▶ EXERCISE
The response must consist of all the records, retyped exactly.

======== TASK INPUTS ========

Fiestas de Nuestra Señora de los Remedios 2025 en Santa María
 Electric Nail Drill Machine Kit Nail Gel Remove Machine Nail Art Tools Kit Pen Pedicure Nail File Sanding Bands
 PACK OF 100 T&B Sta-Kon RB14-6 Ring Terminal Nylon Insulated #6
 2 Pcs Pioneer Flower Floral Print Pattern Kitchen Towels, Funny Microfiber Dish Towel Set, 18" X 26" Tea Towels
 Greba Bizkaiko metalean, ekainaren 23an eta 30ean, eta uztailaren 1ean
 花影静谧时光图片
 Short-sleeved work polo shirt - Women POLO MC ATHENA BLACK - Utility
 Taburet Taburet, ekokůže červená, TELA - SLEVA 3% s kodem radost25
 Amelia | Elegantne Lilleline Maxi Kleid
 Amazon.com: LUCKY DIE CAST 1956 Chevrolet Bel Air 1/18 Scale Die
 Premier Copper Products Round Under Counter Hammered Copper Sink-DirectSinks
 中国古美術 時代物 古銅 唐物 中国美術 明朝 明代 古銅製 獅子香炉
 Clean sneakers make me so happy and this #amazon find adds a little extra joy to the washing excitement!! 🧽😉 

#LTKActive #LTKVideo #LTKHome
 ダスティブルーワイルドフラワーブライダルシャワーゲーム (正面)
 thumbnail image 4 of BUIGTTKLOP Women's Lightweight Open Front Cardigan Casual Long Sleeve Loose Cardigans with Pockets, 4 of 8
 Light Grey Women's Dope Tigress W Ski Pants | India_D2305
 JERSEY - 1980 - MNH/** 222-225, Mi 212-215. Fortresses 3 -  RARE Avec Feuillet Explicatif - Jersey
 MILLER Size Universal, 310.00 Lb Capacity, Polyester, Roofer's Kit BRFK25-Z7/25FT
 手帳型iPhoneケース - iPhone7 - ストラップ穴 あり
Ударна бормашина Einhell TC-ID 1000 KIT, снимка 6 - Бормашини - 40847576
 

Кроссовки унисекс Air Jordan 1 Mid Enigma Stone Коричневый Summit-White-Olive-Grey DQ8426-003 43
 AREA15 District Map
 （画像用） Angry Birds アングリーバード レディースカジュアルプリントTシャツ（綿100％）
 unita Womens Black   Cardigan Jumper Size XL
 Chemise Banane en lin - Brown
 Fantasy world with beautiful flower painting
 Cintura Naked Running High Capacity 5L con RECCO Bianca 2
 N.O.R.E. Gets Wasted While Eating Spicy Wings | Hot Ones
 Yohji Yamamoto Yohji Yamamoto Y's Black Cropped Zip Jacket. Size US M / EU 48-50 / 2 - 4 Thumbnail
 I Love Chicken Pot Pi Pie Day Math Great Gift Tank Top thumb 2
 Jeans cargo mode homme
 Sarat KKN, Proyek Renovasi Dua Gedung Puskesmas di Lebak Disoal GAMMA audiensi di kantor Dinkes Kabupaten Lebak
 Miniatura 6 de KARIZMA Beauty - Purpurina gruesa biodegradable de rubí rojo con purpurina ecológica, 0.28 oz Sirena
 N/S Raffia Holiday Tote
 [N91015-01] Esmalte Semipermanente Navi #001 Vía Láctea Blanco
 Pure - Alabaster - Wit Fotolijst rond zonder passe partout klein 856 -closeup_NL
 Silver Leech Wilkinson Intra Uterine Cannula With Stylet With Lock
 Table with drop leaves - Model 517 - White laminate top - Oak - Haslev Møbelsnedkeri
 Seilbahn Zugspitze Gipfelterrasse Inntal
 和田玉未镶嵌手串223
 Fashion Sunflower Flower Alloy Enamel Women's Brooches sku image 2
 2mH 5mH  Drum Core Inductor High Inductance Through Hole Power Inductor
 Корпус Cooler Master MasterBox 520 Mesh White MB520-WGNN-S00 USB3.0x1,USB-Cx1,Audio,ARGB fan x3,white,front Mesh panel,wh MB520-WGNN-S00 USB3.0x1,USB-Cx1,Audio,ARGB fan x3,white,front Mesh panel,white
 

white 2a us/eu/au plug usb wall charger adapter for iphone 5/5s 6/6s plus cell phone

========

▶ TASK SOLUTION
Fiestas de Nuestra Señora de los Remedios 2025 en Santa María
 Electric Nail Drill Machine Kit Nail Gel Remove Machine Nail Art Tools Kit Pen Pedicure Nail File Sanding Bands
 PACK OF 100 T&B Sta-Kon RB14-6 Ring Terminal Nylon Insulated #6
 2 Pcs Pioneer Flower Floral Print Pattern Kitchen Towels, Funny Microfiber Dish Towel Set, 18" X 26" Tea Towels
 Greba Bizkaiko metalean, ekainaren 23an eta 30ean, eta uztailaren 1ean
 花影静谧时光图片
 Short-sleeved work polo shirt - Women POLO MC ATHENA BLACK - Utility
 Taburet Taburet, ekokůže červená, TELA - SLEVA 3% s kodem radost25
 Amelia | Elegantne Lilleline Maxi Kleid
 Amazon.com: LUCKY DIE CAST 1956 Chevrolet Bel Air 1/18 Scale Die
 Premier Copper Products Round Under Counter Hammered Copper Sink-DirectSinks
 中国古美術 時代物 古銅 唐物 中国美術 明朝 明代 古銅製 獅子香炉
 Clean sneakers make me so happy and this #amazon find adds a little extra joy to the washing excitement!! 🧽😉 

#LTKActive #LTKVideo #LTKHome
 ダスティブルーワイルドフラワーブライダルシャワーゲーム (正面)
 thumbnail image 4 of BUIGTTKLOP Women's Lightweight Open Front Cardigan Casual Long Sleeve Loose Cardigans with Pockets, 4 of 8
 Light Grey Women's Dope Tigress W Ski Pants | India_D2305
 JERSEY - 1980 - MNH/** 222-225, Mi 212-215. Fortresses 3 -  RARE Avec Feuillet Explicatif - Jersey
 MILLER Size Universal, 310.00 Lb Capacity, Polyester, Roofer's Kit BRFK25-Z7/25FT
 手帳型iPhoneケース - iPhone7 - ストラップ穴 あり
Ударна бормашина Einhell TC-ID 1000 KIT, снимка 6 - Бормашини - 40847576
 

Кроссовки унисекс Air Jordan 1 Mid Enigma Stone Коричневый Summit-White-Olive-Grey DQ8426-003 43
 AREA15 District Map
 （画像用） Angry Birds アングリーバード レディースカジュアルプリントTシャツ（綿100％）
 unita Womens Black   Cardigan Jumper Size XL
 Chemise Banane en lin - Brown
 Fantasy world with beautiful flower painting
 Cintura Naked Running High Capacity 5L con RECCO Bianca 2
 N.O.R.E. Gets Wasted While Eating Spicy Wings | Hot Ones
 Yohji Yamamoto Yohji Yamamoto Y's Black Cropped Zip Jacket. Size US M / EU 48-50 / 2 - 4 Thumbnail
 I Love Chicken Pot Pi Pie Day Math Great Gift Tank Top thumb 2
 Jeans cargo mode homme
 Sarat KKN, Proyek Renovasi Dua Gedung Puskesmas di Lebak Disoal GAMMA audiensi di kantor Dinkes Kabupaten Lebak
 Miniatura 6 de KARIZMA Beauty - Purpurina gruesa biodegradable de rubí rojo con purpurina ecológica, 0.28 oz Sirena
 N/S Raffia Holiday Tote
 [N91015-01] Esmalte Semipermanente Navi #001 Vía Láctea Blanco
 Pure - Alabaster - Wit Fotolijst rond zonder passe partout klein 856 -closeup_NL
 Silver Leech Wilkinson Intra Uterine Cannula With Stylet With Lock
 Table with drop leaves - Model 517 - White laminate top - Oak - Haslev Møbelsnedkeri
 Seilbahn Zugspitze Gipfelterrasse Inntal
 和田玉未镶嵌手串223
 Fashion Sunflower Flower Alloy Enamel Women's Brooches sku image 2
 2mH 5mH  Drum Core Inductor High Inductance Through Hole Power Inductor
 Корпус Cooler Master MasterBox 520 Mesh White MB520-WGNN-S00 USB3.0x1,USB-Cx1,Audio,ARGB fan x3,white,front Mesh panel,wh MB520-WGNN-S00 USB3.0x1,USB-Cx1,Audio,ARGB fan x3,white,front Mesh panel,white
 

white 2a us/eu/au plug usb wall charger adapter for iphone 5/5s 6/6s plus cell phone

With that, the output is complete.